Wednesday 19 July 2017

Right, Left and Centre: THe Politics of Some Canadians by Dave Jaffe. Chapter 39, Part Three; The Lady Who Was A Paranoid.

    The Lady Was A Paranoid: Part Three by Dave Jaffe.


           In the 1970's, Irene went back to school. She took education courses and learned how to be a teacher's aide in a primary school. She ended up working in a school on Vancouver's east side. These were the happiest days of Irene's life.
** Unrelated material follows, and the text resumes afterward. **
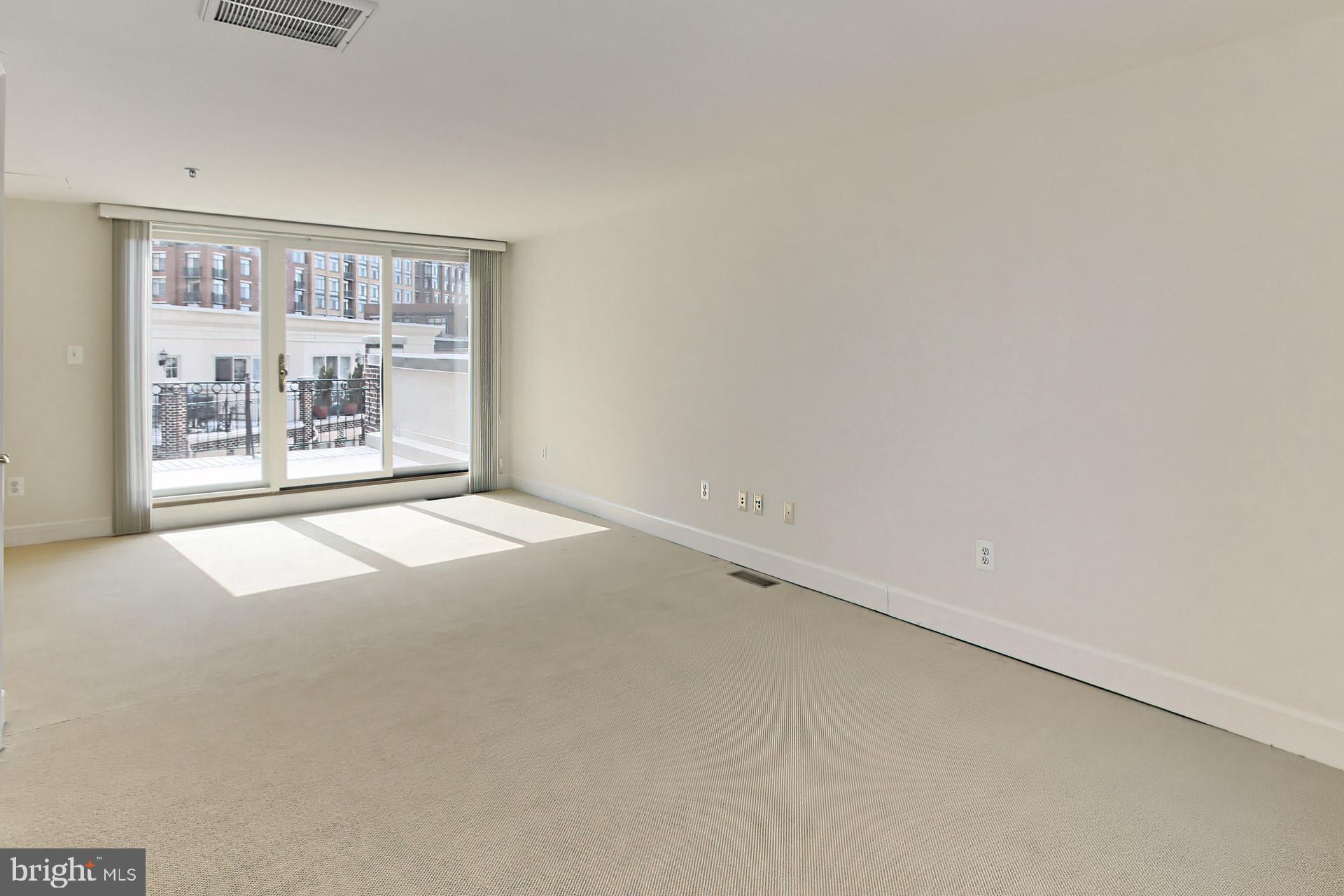 CARLYLE - Residential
She lived in her own house, earned a decent wage and took many journeys across North America with Arthur.
    Yet in the late 1980's Arthur became ill and started to become frail. Soon he retired from his delivery job and Irene retired to as she took care of her ailing husband. Arthur was diagnosed with pancreatic cancer and passed away in the early 1990's. Irene was now alone. Arthur's death hit her hard. Of course, Irene remained in touch with her two sisters and two brothers, one of whom died. Yet she resented her family.
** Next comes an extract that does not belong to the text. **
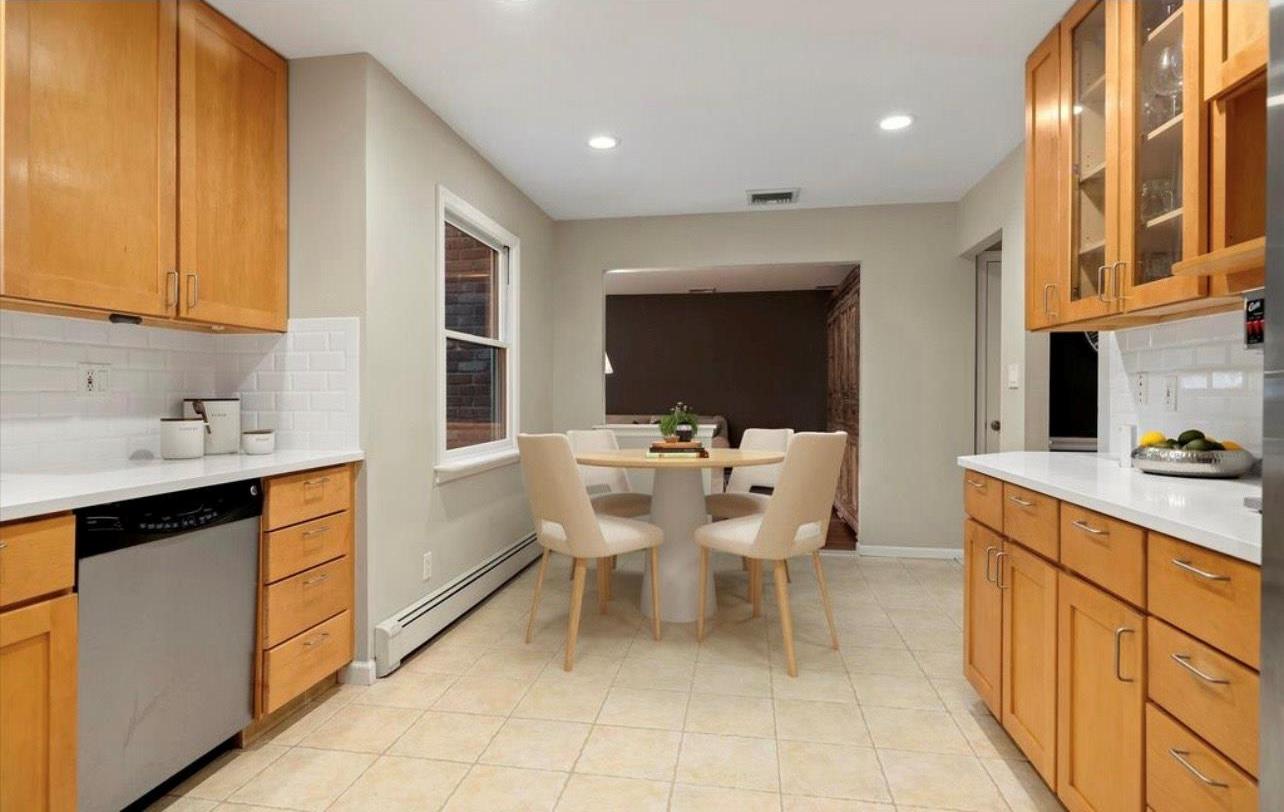 Single Family Plainview Nassau County, NY 11797, MLS-893823-4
     "I helped raise them," she said. "Yet they never thanked me." Whether this was true or not, Irene disliked some of her nieces and nephews too. They would ask Irene to come to their homes and see their children. Then they'd go out and leave her to take care of the kids. "They'd come back after a few hours and wouldn't pay me any money for babysitting their children," Irene said.
    Irene Wong ended up focusing on the way she'd been used and abused during her lifetime. These feelings soon blew up into full scale paranoia. She directed this paranoia at one of her sisters and her last remaining brother. "They want me dead," she told people. Yet this wasn't true.
      Irene had no time for politics. She remembered too many white politicians who had denounced the Chinese in the 1930's and 1940's. Also she faced racism, she said. One Jewish man told her that in every month in his adult life, someone said or did something against Jews. Irene smiled. "I go out every day," she said, "and I know that someone will put me down just for being Chinese."
      Wong's family feared any people getting too close to their sister. They drove away an ageing white man who befriended Irene. "They think you want my house," she said to the man who denied this. he left her life and never came near her again. In her early 80's, Irene's sisters and brother put her  in a long term care place. She shared a small room with a woman in her 90's who grew up in the smelter town of Trail. Irene helped take care of this woman.
   Irene Wong died in the 21st century, probably in 2015. Her small house was later torn down to make way for a much bigger house. The new owners paid over two million dollars for this house. In this area there are many people of Chinese origin. And the only people who come around the area wanting home owners to leave their residences are doing this not because they dislike Asian Canadians. They just want to buy the house and maybe sell it for a higher price.